# NCEES 509



## chicago (Oct 19, 2007)

What concept/principle are they trying to test in the question?

Is it that the delta V_line = V_phase? Or is there some other principle I am missing in applying here?

Is it me or does this question seem real easy?

I think the somewhat vague and seemingly simple NCEES solutions are brain washing me into thinking some of these questions require little to no effort in answering!


----------



## Ilan (Oct 19, 2007)

I don't remember how many times I read that question. I came across a bunch of questions (morning and afternoon power) in NCEES that I had to read several times to make sure that I was not missing anything.
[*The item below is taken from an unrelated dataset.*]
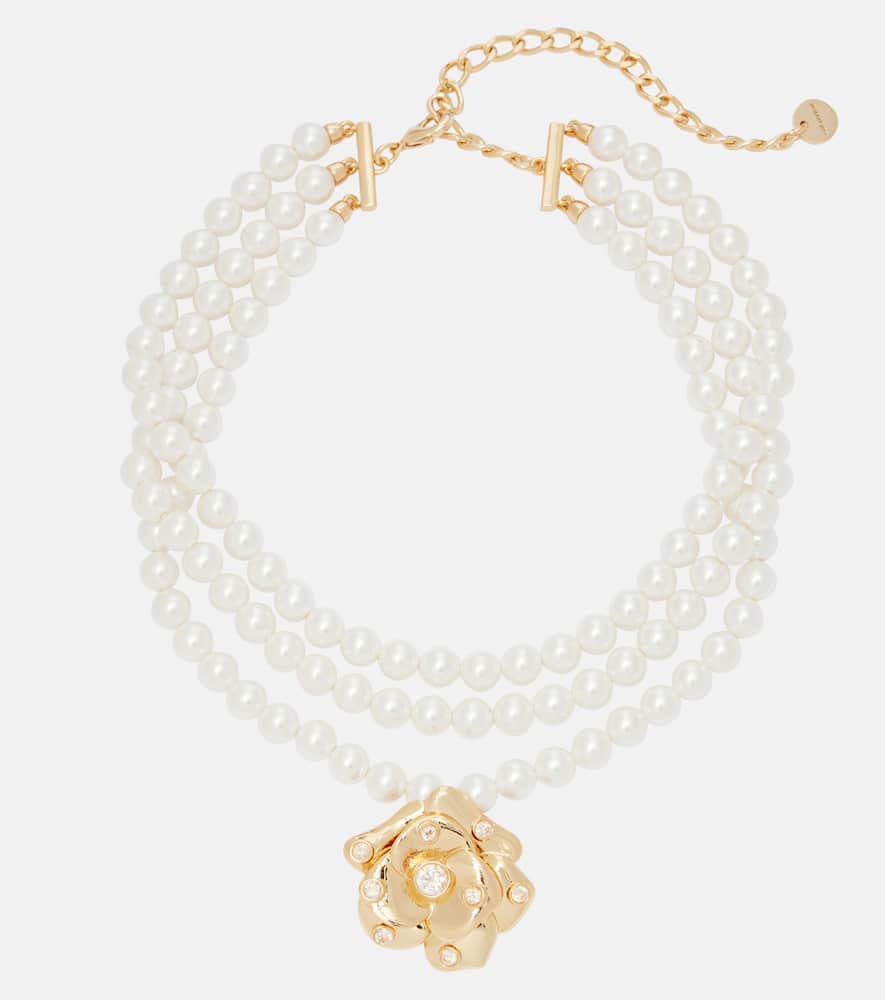 Self-portrait Crystal-embellished Floral Choker In Gold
The questions were too simple to be true.



I don't know whether it is a good thing or a bad thing to feel confident about the exam..


----------



## Flyer_PE (Oct 19, 2007)

As near as I can tell, all they are just testing for a basic understanding of three-phase configurations.

I think every individual question on the test will be a no-brainer for somebody. The way I approached preparing for the test was to try and get a level of proficiency in enough areas to make as many of the problems as possible fall into the really easy category for me.

:2cents:

Jim


----------



## Ilan (Oct 19, 2007)

When I took the NCEES sample exam, I could either answer the questions easily (within a minute) or had no idea how to get the solutions. It really didn't matter whether I referred the books or not, like 516(the three-legged magnetic circuit, the problem was like the three-legged aliens from War of the Worlds to me) and 523 (calculate power factor of the motors from no-load and full load amps) to name a few. Ended up getting 82/100. Does any body know a ball park number like say if you get 20-25 questions correct, you are safe..

Thanks guys for all your help. I called in sick, :cough, I thought I will login to get some exam fever.

Ilan.


----------